Em audiência pública na noite da última segunda-feira (13/02) pela Comissão de Relações Exteriores e Defesa Nacional (CRE) do Senado, autoridades do Governo Federal, incluindo o secretário-executivo do Ministério da Justiça, Luiz Paulo Barreto e representantes dos estados do Acre e do Amazonas debateram a situação dos imigrantes haitianos que têm chegado ao país desde 2010. De acordo com os depoimentos, a situação no Acre está praticamente solucionada, apesar de que, no Amazonas, o problema continua, com imigrantes em condições precárias.
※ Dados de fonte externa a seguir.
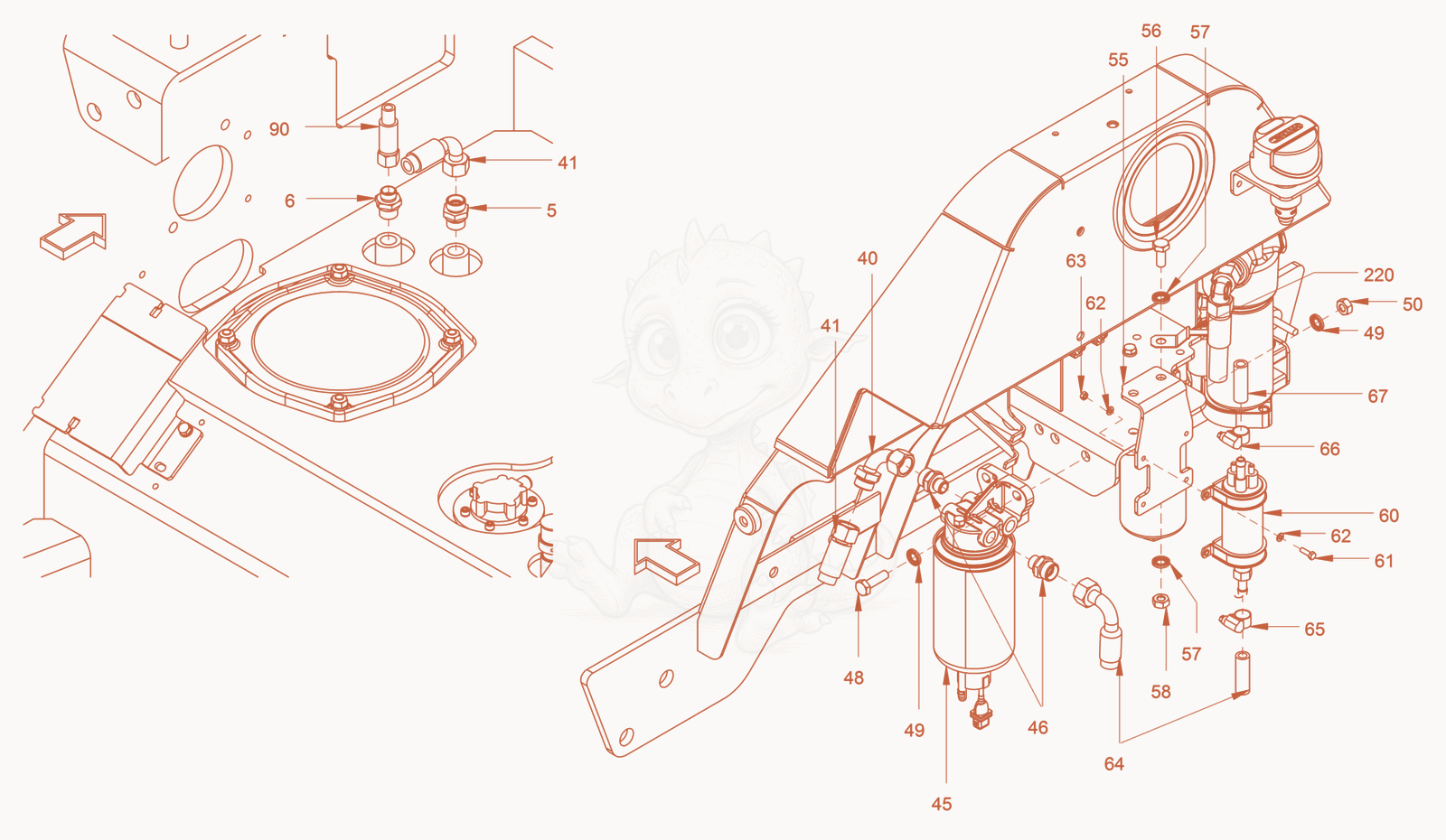 Exploded parts diagram of the fuel system of a Wacker Neuson RC110, with numbered balloons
Luiz Paulo Barreto, secretário-executivo do Ministério da Justiça, garantiu que a pasta está estudando e encontrará solução para os haitianos que “estão no limbo”, inclusive os 347 que ainda estão em Tabatinga (AM). Barreto explicou que esses migrantes estavam em trânsito quando da edição da resolução normativa. Ele ainda prometeu investigar a informação do senador Eduardo Braga (PMDB-AM) sobre um grupo criminoso que estaria financiando essas viagens de haitianos e extorquindo essas pessoas e seus familiares.
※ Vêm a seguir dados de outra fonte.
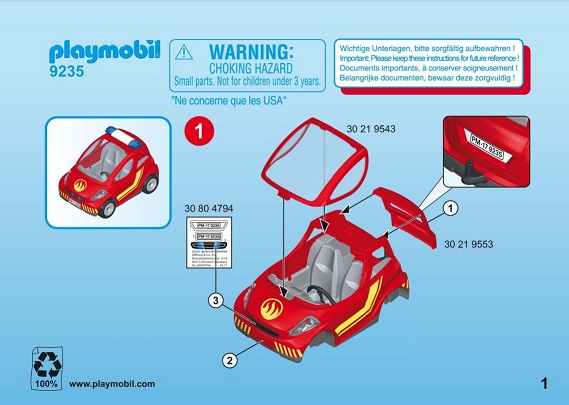 pièce détachée Playmobil 9235 Pompier avec véhicule d`intervention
O Secretário também garantiu que uma reunião interministerial com senadores será realizada em breve para tratar da realidade dos haitianos no Amazonas. Ele disse que o Brasil tem tradição de realizar anistias migratórias, como as que aconteceram em 1998 e 2008.
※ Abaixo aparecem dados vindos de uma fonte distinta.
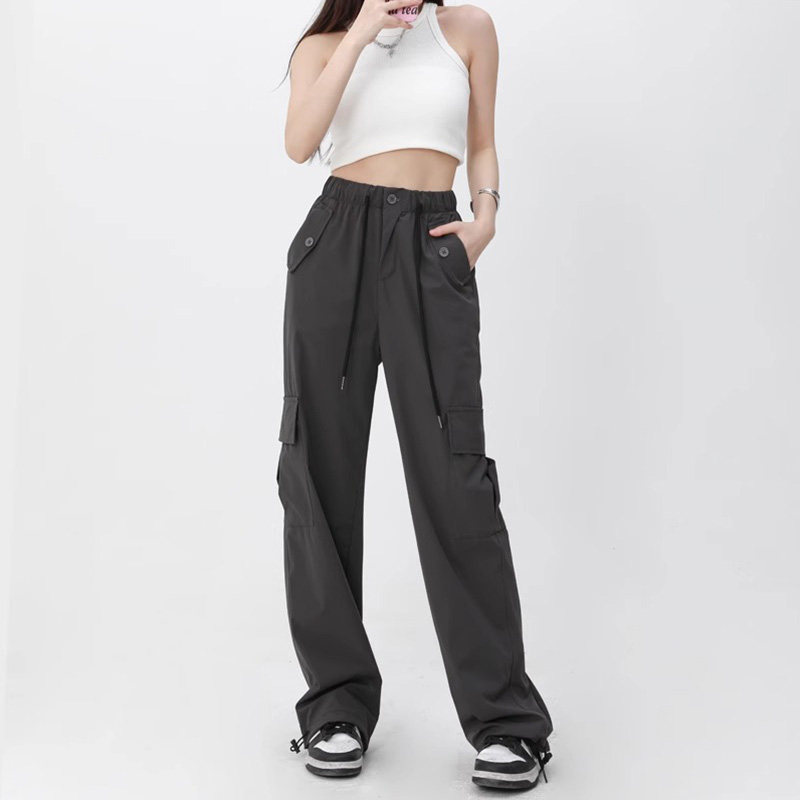 99231-045美式工装裤子女大码胖mm显瘦梨型身材高腰阔腿西装裤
Ele ainda informou que o Ministério da Justiça e a Polícia Federal descobriram a rota usada pelos haitianos para entrar no Brasil: chegam de avião ao Equador, onde não precisam de visto para entrar, de ônibus atravessam o Peru e então entram no Brasil. Segundo informou, eles são quase sempre ajudados por uma máfia de coiotes, que se utiliza dos mesmos métodos com migrantes afegãos e chineses, por exemplo.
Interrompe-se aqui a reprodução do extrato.